Following 10 min exposure to the LED, there was no impact upon cellular integrity, as determined 24 h later by a colorimetric assay for reduction of 3-(4,5-dimethylthiazol-2-yl)-2,5-diphenyltetrazolium bromide tetrazolium (MTT; Fig. 5B). The temperature of the culture medium did not change during the illumination (Fig. 5C). When we investigated the relationship between the duration of the irradiation time and the degree of intracellular 5-FAM-InsP7 release, we found that considerable release was elicited after just 5 min illumination with the LED (80% of that at 10 min; Fig. 5D). Following release of the intracellular 5-FAM-InsP7 by 10 min LED irradiation, the fluorescence signal remained stable for at least 8 h (Fig. 6).

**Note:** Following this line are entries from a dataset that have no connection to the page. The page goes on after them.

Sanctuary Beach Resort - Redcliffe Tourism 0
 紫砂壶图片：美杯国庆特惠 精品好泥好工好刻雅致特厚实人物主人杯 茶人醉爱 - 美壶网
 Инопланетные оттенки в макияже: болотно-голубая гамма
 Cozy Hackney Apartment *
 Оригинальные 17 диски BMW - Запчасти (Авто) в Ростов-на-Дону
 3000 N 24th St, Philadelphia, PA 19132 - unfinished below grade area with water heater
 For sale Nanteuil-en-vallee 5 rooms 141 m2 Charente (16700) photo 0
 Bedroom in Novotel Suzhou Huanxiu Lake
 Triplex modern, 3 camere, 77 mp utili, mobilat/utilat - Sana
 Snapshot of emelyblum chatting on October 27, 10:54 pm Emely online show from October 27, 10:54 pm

Analysis by confocal microscopy of the intracellular disposition of 5-FAM-InsP7
We next used confocal microscopy to study the intracellular distribution of photothermally-released 5-FAM-InsP7; the fluorescence signal was predominantly excluded from the nucleus (Fig. 7A). A minor proportion of released 5-FAM-InsP7 co-localized with LysoTracker red (Fig. 7A and B), a marker for lysosomes/endosomes. The weighted colocalization coefficient for the two fluorescent signals was 0.36 at zero time, decreasing to 0.30 during the experimental time course (Fig. 7B). Thus, we conclude there was a low degree of colocalization of the two signals. An analysis of the time course of the illumination-dependent increase in total intracellular fluorescence (Fig. 7B) showed that the value at 5 min was 80% of the value at 10 min: similar conclusions were drawn during analysis by flow cytometry (see above). These data indicate that our new methodology can be used to study acute signaling responses by PP-InsPs that require analysis of large populations of cultured cells.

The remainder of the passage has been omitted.